Republicans block Dems' plans for riot commission

Senate Minority Leader Chuck Schumer, D-N.Y., on the Senate floor Sept. 21, 2020 (Video screenshot)

Republicans in the U.S. Senate on Friday blocked a Democrat plan to set up a special commission to investigate events in Washington on January 6, successfully using the body’s filibuster rule that requires support from 60 senators to advance legislation.

There were six “rebels” in the GOP who voted along with Democrats for the plan that would set up a commission to issue a report on the January 6 events that left the U.S. Capitol vandalized.

The Democrats assembled 54 votes but that was short of the 60 needed, and 35 senators voted against the idea.

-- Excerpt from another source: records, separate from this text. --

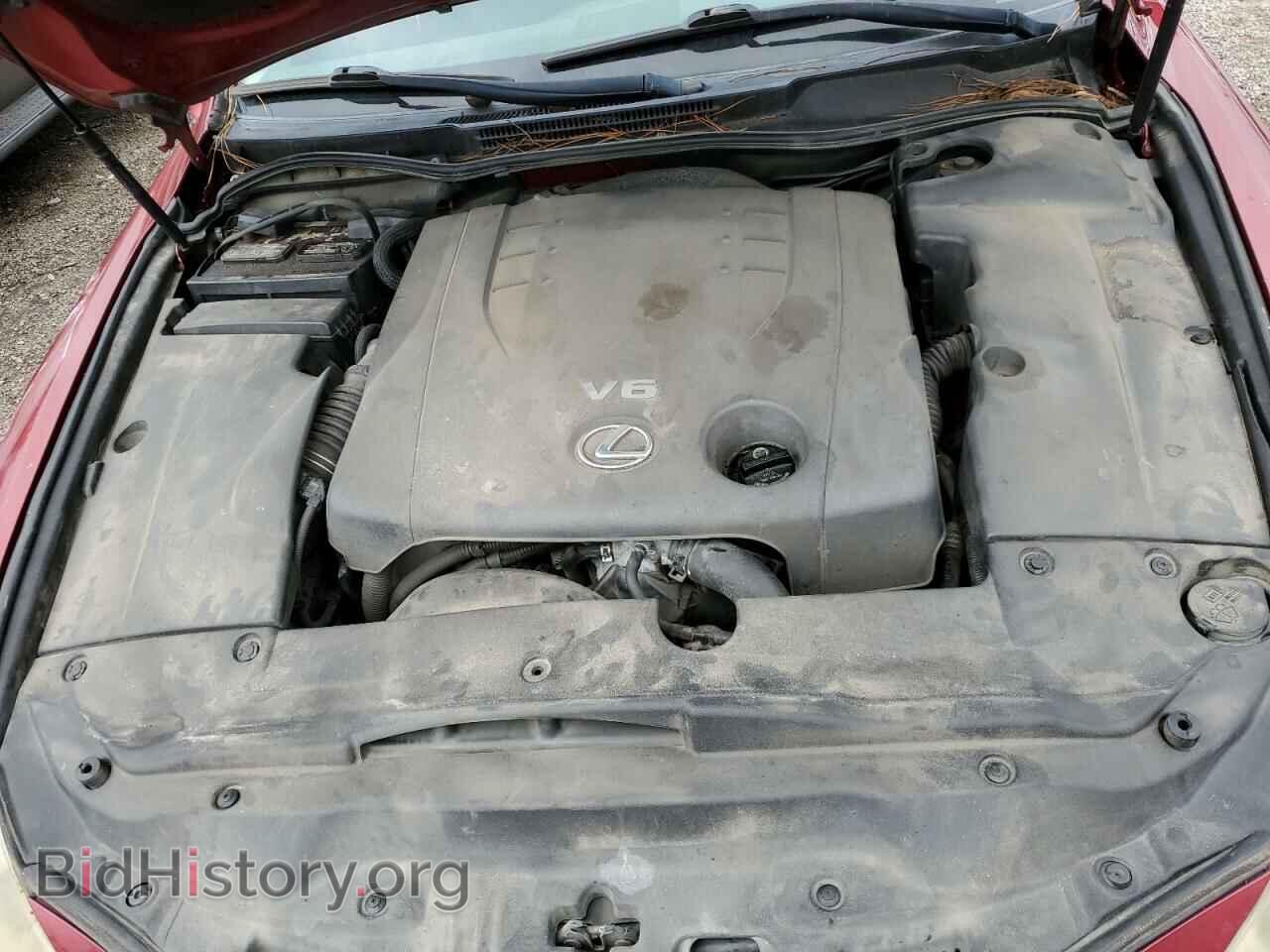 2007 LEXUS IS - VIN: JTHBK262775027148 - Фото 7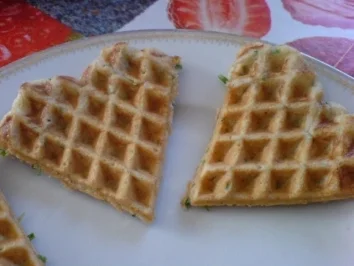 Eierwaffeln mit Kressequark - Rezept - Bild Nr. 12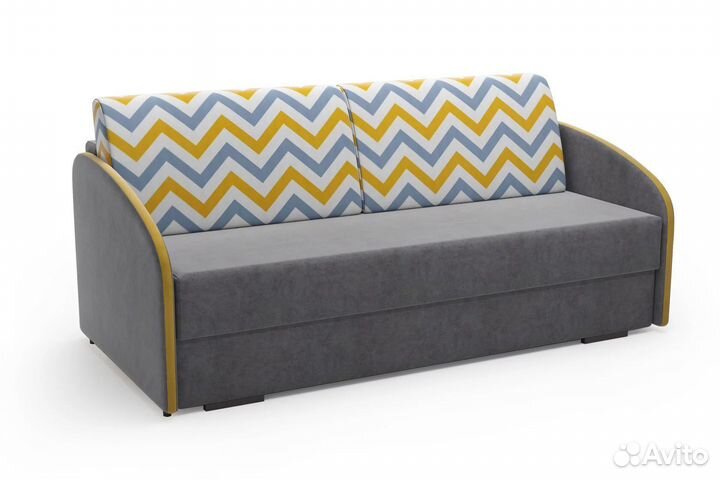 Диван прямой современный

Sen. Chuck Schumer, D-N.Y., erupted in what the Daily Mail described as an act of rage afterward, condemning the GOP with, “Shame on the Republican Party for trying to sweep the horrors of that day under the rug because they’re afraid of Donald Trump.”

That particular plan essentially died with the vote, even though Democrats may adopt other investigative procedures and some already have begun in various Senate committees.

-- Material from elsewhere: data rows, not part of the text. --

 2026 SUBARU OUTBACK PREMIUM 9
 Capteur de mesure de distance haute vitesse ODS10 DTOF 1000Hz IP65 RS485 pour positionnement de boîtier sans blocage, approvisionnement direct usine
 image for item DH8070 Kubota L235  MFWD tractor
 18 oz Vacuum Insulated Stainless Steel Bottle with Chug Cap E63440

The Republicans joining the camping included Sens. Bill Cassidy, Susan Collins, Lisa Murkowski, Rob Portman, Mitt Romney and Ben Sasse.

House Speaker Nancy Pelosi, who orchestrated her second failed impeach-and-remove strategy against President Trump based on the events that day, accused the Republicans of denying “the truth of the January 6th insurrection…”

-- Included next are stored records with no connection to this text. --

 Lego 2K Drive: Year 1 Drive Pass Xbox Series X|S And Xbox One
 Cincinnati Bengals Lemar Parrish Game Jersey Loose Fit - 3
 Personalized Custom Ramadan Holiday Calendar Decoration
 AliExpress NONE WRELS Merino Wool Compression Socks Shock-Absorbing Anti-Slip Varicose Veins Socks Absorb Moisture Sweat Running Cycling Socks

The commission was viewed by some as just another way for Democrats to lash out at President Trump, even though during a rally that same day, he encouraged his followers to protest “peacefully.”

“Chaos” in the Senate on Thursday had prevented a vote then. The Mail reported the Senate was in session until nearly 3 a.m. Friday because of arguments over a separate bill, which was aimed at making the U.S. more competitive against China.

Schumer has told Republicans they needed to support what he wanted.

“Our democracy, our beautiful, more than two-century old democracy is more at risk because of the lies that have been perpetrated by Donald Trump and his allies than it has in a very long time,” he said.

Those “lies” are statements made by Trump and his supporters about evidence of election fraud during the 2020 presidential race. Multiple states continue to review what actually happened there, after Joe Biden was certified the winner by only a few thousands of votes in a handful of states.

There were several scenarios that critics have said need to be investigated, including undue influence on the results from a $400 million donation to local election officials from leftist Mark Zuckerberg as well as the fact that elections officials several times arbitrarily changed state law regarding elections during their counts.

Senate Minority Leader Mitch McConnell explained that the commission would not uncover new facts or promote healing because it was not “designed to do that.”

He said the proposal was “rigged and partisan.”

McConnell said he’d urge other senators to oppose what he called an “extraneous layer.” And there were reports McConnell noted the Democrat report produced by such a commission could come out during the height of the 2022 election season, during which the GOP is expected to retake the majorities in the Senate and House.

Even Schumer admitted that more than half of the Republicans in the nation still believe the election was rigged “and Joe Biden isn’t the real president.”